» EXERCISE REQUIREMENTS
Start at the line below containing "Unisex Marimekko - Short-sleeved" and stop at the line containing "Накладка M порог / арка колеса". Repeat every line of that stretch exactly, and nothing outside it.

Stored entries
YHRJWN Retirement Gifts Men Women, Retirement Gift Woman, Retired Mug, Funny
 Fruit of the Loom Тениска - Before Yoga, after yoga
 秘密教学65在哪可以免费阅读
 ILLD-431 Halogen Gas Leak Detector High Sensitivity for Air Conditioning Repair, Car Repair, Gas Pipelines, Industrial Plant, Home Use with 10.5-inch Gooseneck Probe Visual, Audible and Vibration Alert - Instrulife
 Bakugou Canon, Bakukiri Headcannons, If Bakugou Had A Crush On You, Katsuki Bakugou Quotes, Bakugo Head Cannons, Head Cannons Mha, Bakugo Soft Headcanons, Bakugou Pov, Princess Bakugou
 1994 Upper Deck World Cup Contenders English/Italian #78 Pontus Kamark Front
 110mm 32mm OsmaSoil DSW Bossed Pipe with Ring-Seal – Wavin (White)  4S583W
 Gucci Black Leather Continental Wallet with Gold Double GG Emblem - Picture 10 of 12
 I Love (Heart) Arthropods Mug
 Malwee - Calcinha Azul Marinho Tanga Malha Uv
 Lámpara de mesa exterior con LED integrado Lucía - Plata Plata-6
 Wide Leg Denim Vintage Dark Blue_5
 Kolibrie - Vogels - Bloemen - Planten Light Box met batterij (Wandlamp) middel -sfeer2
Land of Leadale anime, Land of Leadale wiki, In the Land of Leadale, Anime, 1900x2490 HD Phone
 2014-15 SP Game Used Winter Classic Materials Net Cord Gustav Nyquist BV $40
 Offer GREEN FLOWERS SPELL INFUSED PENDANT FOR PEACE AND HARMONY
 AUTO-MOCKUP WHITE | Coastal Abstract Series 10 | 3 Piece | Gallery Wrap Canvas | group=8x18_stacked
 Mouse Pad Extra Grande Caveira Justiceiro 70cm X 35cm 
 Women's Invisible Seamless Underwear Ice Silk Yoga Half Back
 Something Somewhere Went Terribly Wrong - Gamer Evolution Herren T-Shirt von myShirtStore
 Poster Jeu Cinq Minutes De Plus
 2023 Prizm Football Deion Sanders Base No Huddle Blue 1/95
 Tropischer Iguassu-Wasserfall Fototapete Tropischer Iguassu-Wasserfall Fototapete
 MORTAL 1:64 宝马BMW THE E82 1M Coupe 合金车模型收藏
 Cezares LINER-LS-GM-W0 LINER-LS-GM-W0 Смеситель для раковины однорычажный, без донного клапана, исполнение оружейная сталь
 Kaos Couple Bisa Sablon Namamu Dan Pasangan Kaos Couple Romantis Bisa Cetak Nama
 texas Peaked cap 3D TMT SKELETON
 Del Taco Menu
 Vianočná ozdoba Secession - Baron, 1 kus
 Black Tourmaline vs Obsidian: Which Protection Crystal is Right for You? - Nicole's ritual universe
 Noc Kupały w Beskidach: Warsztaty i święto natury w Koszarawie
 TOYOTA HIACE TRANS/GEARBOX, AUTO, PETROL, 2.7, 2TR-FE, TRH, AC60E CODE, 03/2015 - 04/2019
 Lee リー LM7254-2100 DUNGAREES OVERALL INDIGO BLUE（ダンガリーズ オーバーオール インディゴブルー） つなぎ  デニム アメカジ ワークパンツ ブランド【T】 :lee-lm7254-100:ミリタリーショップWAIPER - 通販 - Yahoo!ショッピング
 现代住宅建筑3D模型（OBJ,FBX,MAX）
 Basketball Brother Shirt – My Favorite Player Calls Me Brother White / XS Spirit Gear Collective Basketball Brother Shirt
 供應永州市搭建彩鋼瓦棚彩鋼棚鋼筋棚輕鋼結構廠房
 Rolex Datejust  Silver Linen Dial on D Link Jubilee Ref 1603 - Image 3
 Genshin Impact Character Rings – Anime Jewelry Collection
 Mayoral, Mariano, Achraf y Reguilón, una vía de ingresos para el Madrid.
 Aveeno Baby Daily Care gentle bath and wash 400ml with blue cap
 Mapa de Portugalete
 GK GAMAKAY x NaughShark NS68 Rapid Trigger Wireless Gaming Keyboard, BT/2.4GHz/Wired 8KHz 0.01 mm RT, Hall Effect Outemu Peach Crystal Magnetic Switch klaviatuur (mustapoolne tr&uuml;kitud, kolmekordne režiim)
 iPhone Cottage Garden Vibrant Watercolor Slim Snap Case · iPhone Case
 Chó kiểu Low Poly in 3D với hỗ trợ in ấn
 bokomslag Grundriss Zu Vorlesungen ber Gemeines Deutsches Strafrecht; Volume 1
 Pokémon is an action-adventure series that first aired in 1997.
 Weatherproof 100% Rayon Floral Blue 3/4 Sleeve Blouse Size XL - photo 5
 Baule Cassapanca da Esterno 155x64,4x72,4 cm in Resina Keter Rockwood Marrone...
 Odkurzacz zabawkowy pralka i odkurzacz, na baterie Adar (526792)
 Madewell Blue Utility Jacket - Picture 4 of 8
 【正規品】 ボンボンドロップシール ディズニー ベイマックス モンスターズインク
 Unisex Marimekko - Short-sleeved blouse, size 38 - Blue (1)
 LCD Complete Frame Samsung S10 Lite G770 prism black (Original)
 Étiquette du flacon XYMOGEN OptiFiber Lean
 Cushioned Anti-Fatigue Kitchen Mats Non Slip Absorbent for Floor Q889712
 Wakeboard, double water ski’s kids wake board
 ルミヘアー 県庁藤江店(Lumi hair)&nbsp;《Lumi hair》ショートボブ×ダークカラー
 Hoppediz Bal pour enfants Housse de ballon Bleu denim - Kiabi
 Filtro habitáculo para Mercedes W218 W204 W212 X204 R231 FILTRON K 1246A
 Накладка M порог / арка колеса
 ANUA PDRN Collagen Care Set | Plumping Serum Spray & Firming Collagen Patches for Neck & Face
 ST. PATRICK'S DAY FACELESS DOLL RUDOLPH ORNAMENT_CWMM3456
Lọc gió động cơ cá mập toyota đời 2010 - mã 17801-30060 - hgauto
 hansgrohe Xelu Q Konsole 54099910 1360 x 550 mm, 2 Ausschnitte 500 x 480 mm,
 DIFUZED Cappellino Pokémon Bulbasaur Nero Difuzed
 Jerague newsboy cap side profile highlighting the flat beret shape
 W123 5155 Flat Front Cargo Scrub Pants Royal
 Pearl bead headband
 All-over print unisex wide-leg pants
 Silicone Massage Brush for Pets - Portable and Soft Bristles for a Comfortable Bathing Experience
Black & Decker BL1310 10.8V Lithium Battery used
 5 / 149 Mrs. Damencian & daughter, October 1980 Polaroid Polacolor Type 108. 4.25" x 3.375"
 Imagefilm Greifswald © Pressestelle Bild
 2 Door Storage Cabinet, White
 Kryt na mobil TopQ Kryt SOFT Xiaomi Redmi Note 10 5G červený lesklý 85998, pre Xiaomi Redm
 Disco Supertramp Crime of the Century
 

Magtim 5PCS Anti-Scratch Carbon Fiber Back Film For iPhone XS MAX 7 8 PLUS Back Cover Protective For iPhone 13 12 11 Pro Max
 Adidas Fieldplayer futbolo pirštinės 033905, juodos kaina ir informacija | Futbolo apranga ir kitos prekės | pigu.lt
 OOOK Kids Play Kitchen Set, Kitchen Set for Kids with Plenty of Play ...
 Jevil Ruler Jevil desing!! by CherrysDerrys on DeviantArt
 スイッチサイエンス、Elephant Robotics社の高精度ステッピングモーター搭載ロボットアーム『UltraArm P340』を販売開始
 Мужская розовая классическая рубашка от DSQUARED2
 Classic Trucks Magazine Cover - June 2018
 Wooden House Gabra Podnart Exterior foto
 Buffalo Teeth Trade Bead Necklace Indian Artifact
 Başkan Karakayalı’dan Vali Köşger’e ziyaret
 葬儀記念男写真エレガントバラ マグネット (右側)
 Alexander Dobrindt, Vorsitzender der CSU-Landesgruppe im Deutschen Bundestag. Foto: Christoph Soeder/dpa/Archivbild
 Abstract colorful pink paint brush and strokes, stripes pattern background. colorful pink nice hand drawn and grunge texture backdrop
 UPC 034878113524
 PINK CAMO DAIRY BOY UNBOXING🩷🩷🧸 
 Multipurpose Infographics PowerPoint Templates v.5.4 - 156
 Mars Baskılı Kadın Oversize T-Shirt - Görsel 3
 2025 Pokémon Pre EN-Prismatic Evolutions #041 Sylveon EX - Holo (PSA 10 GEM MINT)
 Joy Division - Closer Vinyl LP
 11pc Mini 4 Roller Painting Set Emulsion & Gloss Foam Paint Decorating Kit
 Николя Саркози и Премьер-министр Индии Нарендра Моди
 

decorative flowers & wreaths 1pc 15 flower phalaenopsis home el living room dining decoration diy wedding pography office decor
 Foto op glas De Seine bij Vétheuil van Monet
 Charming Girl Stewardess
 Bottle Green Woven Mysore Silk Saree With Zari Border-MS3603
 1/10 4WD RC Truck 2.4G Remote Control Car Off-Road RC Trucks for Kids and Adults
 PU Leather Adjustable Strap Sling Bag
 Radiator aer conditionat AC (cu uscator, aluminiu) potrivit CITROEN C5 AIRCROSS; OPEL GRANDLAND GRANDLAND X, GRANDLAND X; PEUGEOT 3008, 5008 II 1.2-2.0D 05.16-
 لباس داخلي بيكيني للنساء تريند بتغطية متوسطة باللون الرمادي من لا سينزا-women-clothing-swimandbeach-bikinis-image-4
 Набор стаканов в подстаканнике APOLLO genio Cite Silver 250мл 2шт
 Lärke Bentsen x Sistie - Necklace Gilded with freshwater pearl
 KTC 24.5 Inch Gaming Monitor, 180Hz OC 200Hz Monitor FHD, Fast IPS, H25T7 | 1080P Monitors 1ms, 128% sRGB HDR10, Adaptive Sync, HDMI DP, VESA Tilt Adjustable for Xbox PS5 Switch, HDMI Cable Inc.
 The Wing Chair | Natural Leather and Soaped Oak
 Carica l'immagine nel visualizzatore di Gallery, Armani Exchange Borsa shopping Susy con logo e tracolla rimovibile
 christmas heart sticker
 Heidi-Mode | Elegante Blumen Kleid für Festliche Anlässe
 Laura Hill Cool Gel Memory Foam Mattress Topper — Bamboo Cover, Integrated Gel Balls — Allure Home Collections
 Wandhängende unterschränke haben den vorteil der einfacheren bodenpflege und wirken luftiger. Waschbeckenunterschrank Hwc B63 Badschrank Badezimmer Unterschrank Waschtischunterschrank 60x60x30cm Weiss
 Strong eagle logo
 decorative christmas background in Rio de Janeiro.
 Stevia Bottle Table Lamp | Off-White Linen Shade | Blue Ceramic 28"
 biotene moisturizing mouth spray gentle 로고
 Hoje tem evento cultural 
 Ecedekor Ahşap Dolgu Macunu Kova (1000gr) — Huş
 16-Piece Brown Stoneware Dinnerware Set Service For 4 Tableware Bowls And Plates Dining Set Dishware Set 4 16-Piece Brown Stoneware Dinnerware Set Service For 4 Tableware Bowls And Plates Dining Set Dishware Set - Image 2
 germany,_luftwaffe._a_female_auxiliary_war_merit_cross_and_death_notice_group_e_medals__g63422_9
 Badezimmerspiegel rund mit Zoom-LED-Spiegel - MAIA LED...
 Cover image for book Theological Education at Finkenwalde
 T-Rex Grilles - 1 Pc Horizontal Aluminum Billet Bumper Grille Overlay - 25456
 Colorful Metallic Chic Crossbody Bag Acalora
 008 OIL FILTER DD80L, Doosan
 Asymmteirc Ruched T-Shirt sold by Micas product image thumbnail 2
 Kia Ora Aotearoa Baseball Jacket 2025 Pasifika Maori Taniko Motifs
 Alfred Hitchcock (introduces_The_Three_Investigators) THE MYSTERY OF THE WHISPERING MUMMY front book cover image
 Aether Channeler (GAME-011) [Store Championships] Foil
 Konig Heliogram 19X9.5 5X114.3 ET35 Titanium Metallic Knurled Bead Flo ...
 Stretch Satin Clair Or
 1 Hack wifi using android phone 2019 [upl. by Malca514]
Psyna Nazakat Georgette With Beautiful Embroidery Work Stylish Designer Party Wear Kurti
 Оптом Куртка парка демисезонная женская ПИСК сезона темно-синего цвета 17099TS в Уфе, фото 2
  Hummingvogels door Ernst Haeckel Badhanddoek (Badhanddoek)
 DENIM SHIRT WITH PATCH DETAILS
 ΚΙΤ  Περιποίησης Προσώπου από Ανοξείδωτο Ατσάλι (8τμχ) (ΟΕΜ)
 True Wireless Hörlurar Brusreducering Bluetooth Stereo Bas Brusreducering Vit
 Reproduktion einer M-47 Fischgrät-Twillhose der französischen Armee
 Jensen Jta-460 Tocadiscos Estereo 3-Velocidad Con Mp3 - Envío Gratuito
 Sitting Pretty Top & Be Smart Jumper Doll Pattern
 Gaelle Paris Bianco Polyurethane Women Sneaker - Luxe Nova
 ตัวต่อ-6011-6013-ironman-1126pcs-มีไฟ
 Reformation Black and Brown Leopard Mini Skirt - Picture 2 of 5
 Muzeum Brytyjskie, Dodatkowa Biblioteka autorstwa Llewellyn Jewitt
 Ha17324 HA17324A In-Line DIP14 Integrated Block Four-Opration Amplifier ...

» REPLY TO THE TASK
 Unisex Marimekko - Short-sleeved blouse, size 38 - Blue (1)
 LCD Complete Frame Samsung S10 Lite G770 prism black (Original)
 Étiquette du flacon XYMOGEN OptiFiber Lean
 Cushioned Anti-Fatigue Kitchen Mats Non Slip Absorbent for Floor Q889712
 Wakeboard, double water ski’s kids wake board
 ルミヘアー 県庁藤江店(Lumi hair)&nbsp;《Lumi hair》ショートボブ×ダークカラー
 Hoppediz Bal pour enfants Housse de ballon Bleu denim - Kiabi
 Filtro habitáculo para Mercedes W218 W204 W212 X204 R231 FILTRON K 1246A
 Накладка M порог / арка колеса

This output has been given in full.